Type of paper:Â | Essay |
Categories:Â | Technology Energy Covid 19 |
Pages: | 6 |
Wordcount: | 1545 words |
Introduction
The oil and gas industries are at the heart of the global energy market that produces and supply the majority of the energy used. Like other sectors, the energy sector has been adversely affected by the Covid-19 pandemic, recording the lowest number of drilled oil wells globally (Lu, et al., 6). The decline in the number of drilled wells marks a 23% fall from 2019's and is anticipated not to recover its 2019 level until 2025 (Eyoh, 31). For the oil and gas production to regain its level soon, there is need for the government to ease travel restrictions, boost oil demand and prices, improved innovations, and technological advancements. According to Offshore Technology, smart drilling, incorporation of blockchain, smart oilfield, and digital transformation, among others, are some of the technological advancements the oil companies should embrace for the future energy solutions in the United States (Eyoh, 38). This paper highlights and discusses the energy solutions to the oil and gas companies in the United States.
Smart Drilling
The United States petroleum industry maintains a high level of drilling and spending a fortune on drilling-related goods and services. This considerable level of activity will continue in the predictable future. Although the United States petroleum industry continues to maintain a significant degree in domestic drilling activity, recent estimates of the volume of recoverable resources require operators to improve their ability to and increase reserves per unit effort through enhanced technology.

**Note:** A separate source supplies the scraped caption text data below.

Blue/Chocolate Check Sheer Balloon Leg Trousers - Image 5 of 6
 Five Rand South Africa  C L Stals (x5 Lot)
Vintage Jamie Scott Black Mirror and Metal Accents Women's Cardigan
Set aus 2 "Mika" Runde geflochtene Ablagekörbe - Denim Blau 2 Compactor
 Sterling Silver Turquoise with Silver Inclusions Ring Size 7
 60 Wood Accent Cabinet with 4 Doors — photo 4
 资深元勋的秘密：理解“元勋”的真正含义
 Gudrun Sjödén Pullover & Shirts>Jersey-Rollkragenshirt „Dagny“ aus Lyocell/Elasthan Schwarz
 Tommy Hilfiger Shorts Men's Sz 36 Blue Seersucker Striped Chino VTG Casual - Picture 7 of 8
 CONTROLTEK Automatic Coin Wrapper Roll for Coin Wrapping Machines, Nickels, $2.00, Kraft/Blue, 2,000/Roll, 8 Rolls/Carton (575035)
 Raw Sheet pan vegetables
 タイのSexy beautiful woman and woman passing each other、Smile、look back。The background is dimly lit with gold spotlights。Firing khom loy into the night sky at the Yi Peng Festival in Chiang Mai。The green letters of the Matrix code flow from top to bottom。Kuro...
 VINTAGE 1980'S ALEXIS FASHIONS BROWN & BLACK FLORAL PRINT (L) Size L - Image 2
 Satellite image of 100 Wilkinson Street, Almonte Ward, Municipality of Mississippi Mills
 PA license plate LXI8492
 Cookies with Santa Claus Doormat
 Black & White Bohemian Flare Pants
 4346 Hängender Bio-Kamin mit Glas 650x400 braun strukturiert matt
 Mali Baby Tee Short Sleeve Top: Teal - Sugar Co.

Smart drilling, an improvement drilling technology, will increase the rate of success, lowers drilling costs, and harmonize the processes involve in the oil and gas production. Besides, it will ensure that equipment selection, work implementation, designing, and analysis are all aligned and bolstered by operational expertise. Therefore, integrating smart drilling with intelligence through specialist providers will directly benefit the United States in terms of improved economic competitiveness, stable energy costs, and higher energy reserves in the drilling and service industries.
Incorporation of Blockchain Technology
The energy industry is faced with complex capital and expenditures transactions, data insecurity, accelerating adoption of connected sensors, increasingly large sophisticated information, intermediaries, and complex processes. Consequently, data has become a burden rather than an asset for the oil and gas businesses (Mojarad, et al., 24). Due to a rising urgent need for the companies to control and authenticate information, which is essential for the success of the energy sector, the blockchain technology set would drastically transform the fuel sector.
Blockchain has the vast capability of reducing the risk of swindles, error, and invalid transactions in energy trading, better and secure fiscal deals, enable interoperability, and facilitated regulatory reporting requirements (Mojarad, et al., 28). Blockchain would enhance both the upstream and downstream processes. For instance, it offers a single permanent record of transaction and documentation from equipment maintenance scheduling to managing acreage records. Distributed ledgers also generate transparent downstream activities, such as demurrage, claims management, product exchange, and distribution delivery documentation. Similarly, regulatory compliance, contracting, joint ventures transformation, and risk management are some of the task simplified by blockchain technology (Lu, et al.,13). The next sector for the blockchain progress platform is the energy sector because it has brought tremendous improvement to the financial industry. Therefore, these companies' real task is to quickly take advantage of the benefits accrued by embracing blockchain technology.
Distortion of the line between renewable and fossil fuels
The International Energy Agency (IEA) outlined a moderately belligerent scenario for the United States to cut its oil consumption by 29 percent between 2007 and 2030 (Aalsalem et al, 92). This increasing social and environmental pressure on many oil and gas companies raises complex questions about the role of these fuels in a changing energy economy and the companies' position in the societies in which they operate. Even though renewables sources are drastically increasing, liquid fuels are still hard to be completely replaced (Mojarad, et al., 20).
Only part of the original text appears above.